Concern over watering down of religious observances and principles must be balanced against tolerance for different beliefs, he says.

“Christian and Jewish traditions are coming closer together,” says Chaplain Paul Fullmer, Religion & Philosophy professor at Lebanon Valley College in Annville, Penn.

“Particularly as Christians begin to appreciate the value of reading Christian teachings ‘with Jewish eyes,’ community-based celebrations of a Seder meal, Purim, or Sukkoth are becoming opportunities for education, understanding, and on-going relationship,” says Professor Fullmer, noting that he sees the shifting attitudes among his students as they are exposed to newer ideas.

“ ‘How can a Jewish person not believe in Jesus?’ a student asked me recently,” he says. “ ‘Haven’t they read Isaiah 52 to 53?’

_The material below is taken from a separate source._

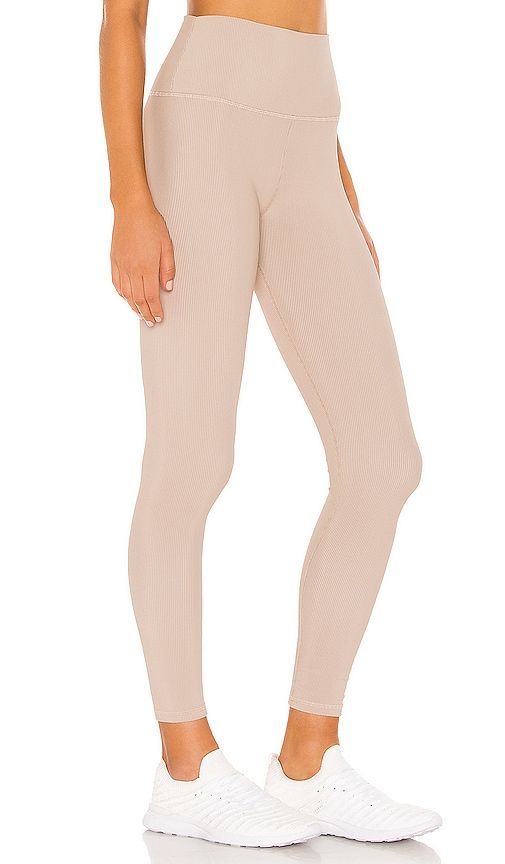 Ayla Legging in Nude. - size L (also in M, XL) - BEACH RIOT - Modalova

“At a Seder meal held on our campus, that student came to understand how the Suffering Servant in these passages is understood by many Jews as representing the Jewish community as a whole,” he says. Jewish-Christian celebrations and other opportunities through which Jewish and Christian community grow closer together matter, he says, “to the extent that they help Christians to appreciate the Jewish approach to faith, and vice versa.”

And in his forthcoming book, “Kosher Jesus,” Orthodox Rabbi Shmuley Boteach, also reexamines the historic Jesus, suggesting that a better understanding of his actual historic role helps both faiths.

“We need to rediscover the humanity of Jesus,” he says, adding, “we need to understand more about what he actually said about how we should live and act.”